Start of RECORDED INFORMATION

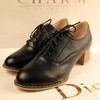 Korean retro British style leather shoes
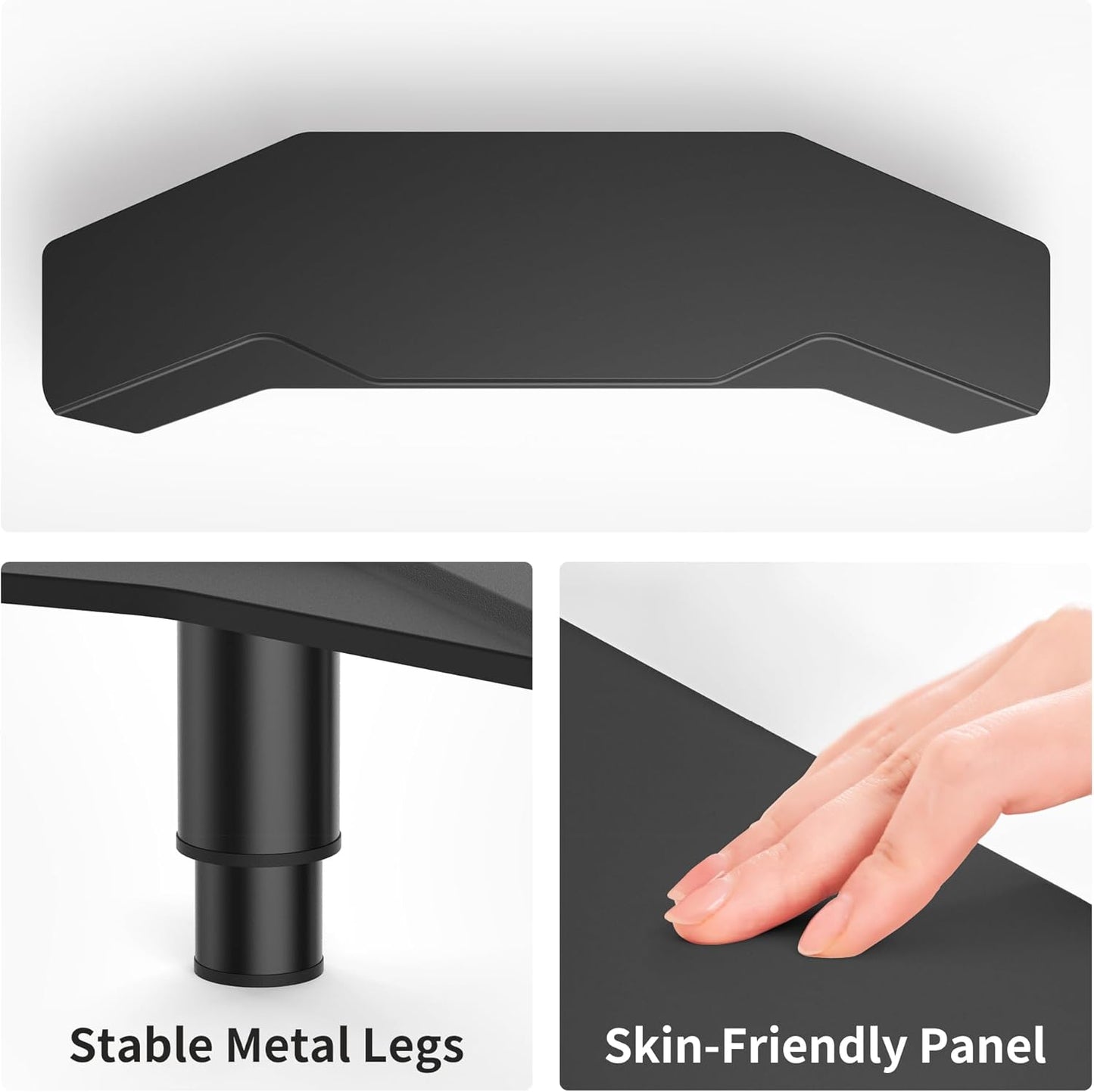 39.4 Inch Dual Monitor Stand Riser Black,Plane Wing-Shaped Sturdy Computer Desk Riser for 2 Monitors, Adjustable Length and Wood Monitor Stand for Laptop, Computer,Extra Long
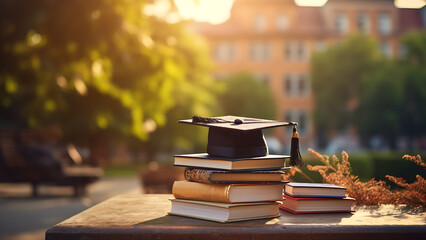 Graduation cap and stack of books on university grounds background. - obrazy, fototapety, plakaty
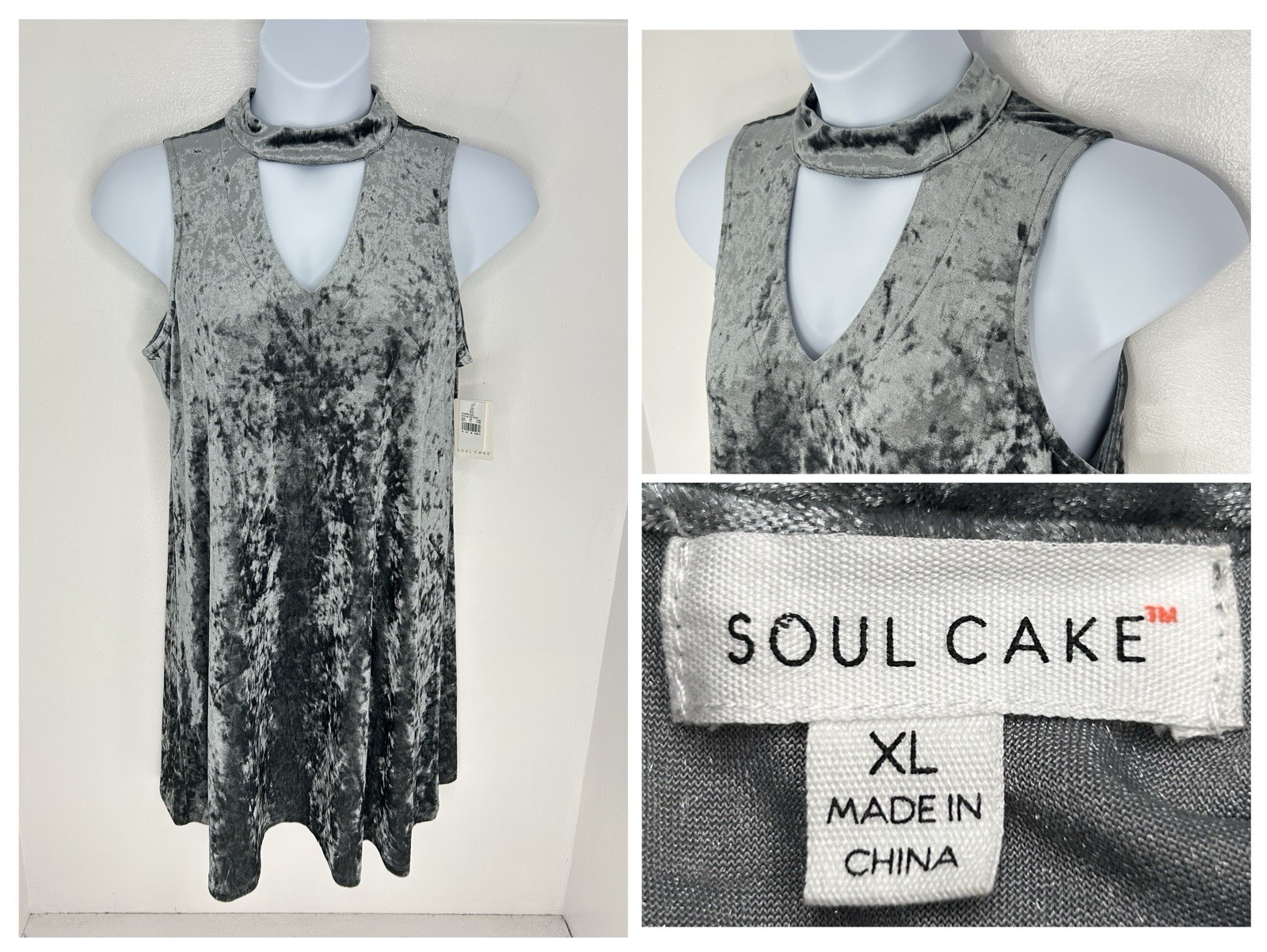 Soul Cake NWT Gray Velvet Dress Size XL Boho Festival Hippie Fairy Whimsigoth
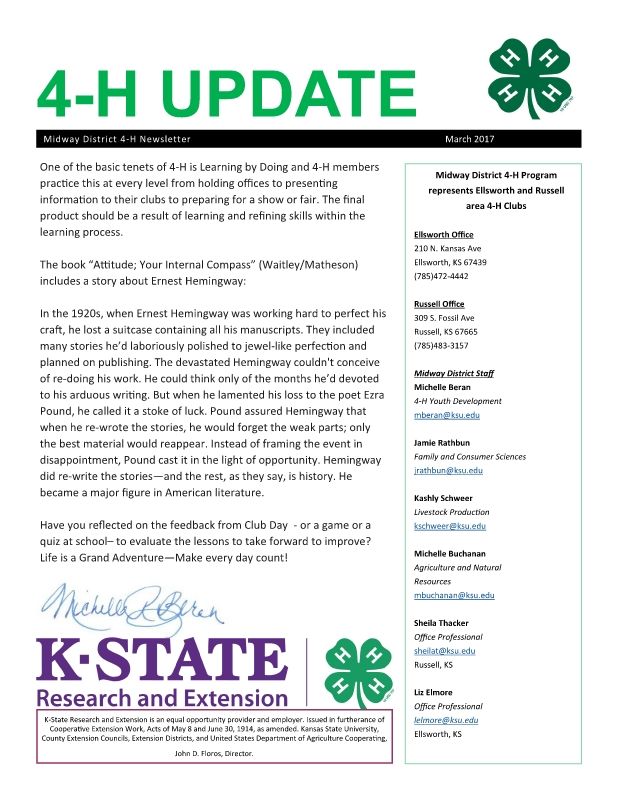 Midway District 4-H Newsletter - March 2017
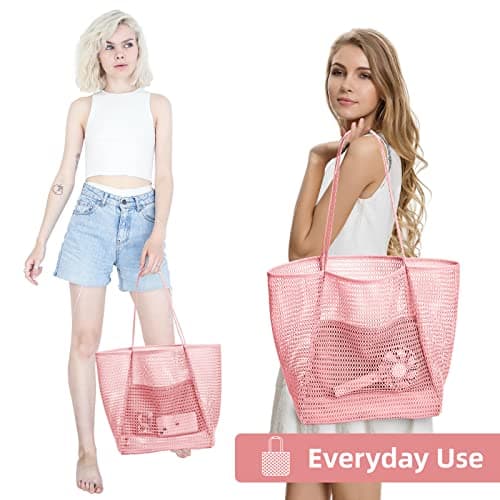 KALIDI Mesh Tote Bag,23L Beach Bag Extra Large Tote Bags for Women with Zip Pocket Shoulder Bag Summer Beach Bags Reusable Shopping Bag for Picnic Holiday Travel Grocery,pink — view 2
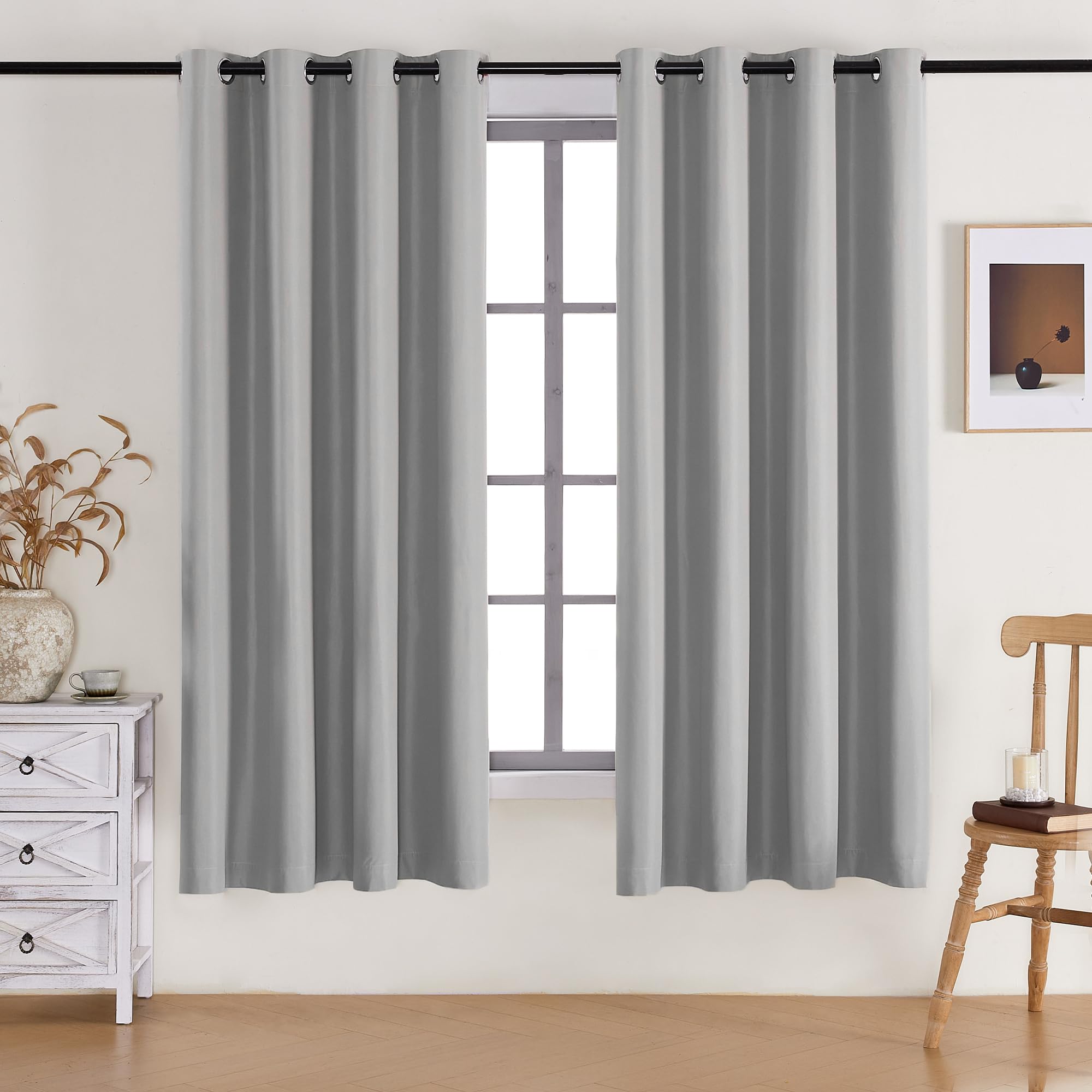 YC WINRRARII Blackout Curtains for Bedroom 52x72 Inches 2 Panel Set - Thermal Insulated Lightweight Drapes, Summer Refresh Room Darkening Curtains with Grommet (Deep Grey)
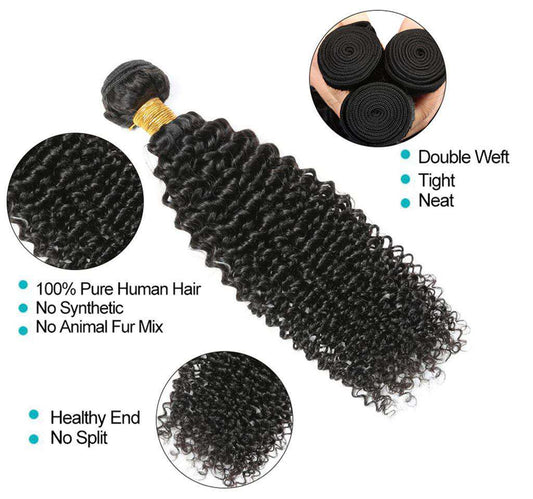 10A Kinky Curly Hair 4 Bundles With Closure Brazilian Hair Natural Color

End of RECORDED INFORMATION

PROBLEM REQUIREMENTS: Leaving out any pictures, write the records above out exactly as they are.

SOLUTION TO THIS PROBLEM:
 Korean retro British style leather shoes
 39.4 Inch Dual Monitor Stand Riser Black,Plane Wing-Shaped Sturdy Computer Desk Riser for 2 Monitors, Adjustable Length and Wood Monitor Stand for Laptop, Computer,Extra Long
 Graduation cap and stack of books on university grounds background. - obrazy, fototapety, plakaty
 Soul Cake NWT Gray Velvet Dress Size XL Boho Festival Hippie Fairy Whimsigoth
 Midway District 4-H Newsletter - March 2017
 KALIDI Mesh Tote Bag,23L Beach Bag Extra Large Tote Bags for Women with Zip Pocket Shoulder Bag Summer Beach Bags Reusable Shopping Bag for Picnic Holiday Travel Grocery,pink — view 2
 YC WINRRARII Blackout Curtains for Bedroom 52x72 Inches 2 Panel Set - Thermal Insulated Lightweight Drapes, Summer Refresh Room Darkening Curtains with Grommet (Deep Grey)
 10A Kinky Curly Hair 4 Bundles With Closure Brazilian Hair Natural Color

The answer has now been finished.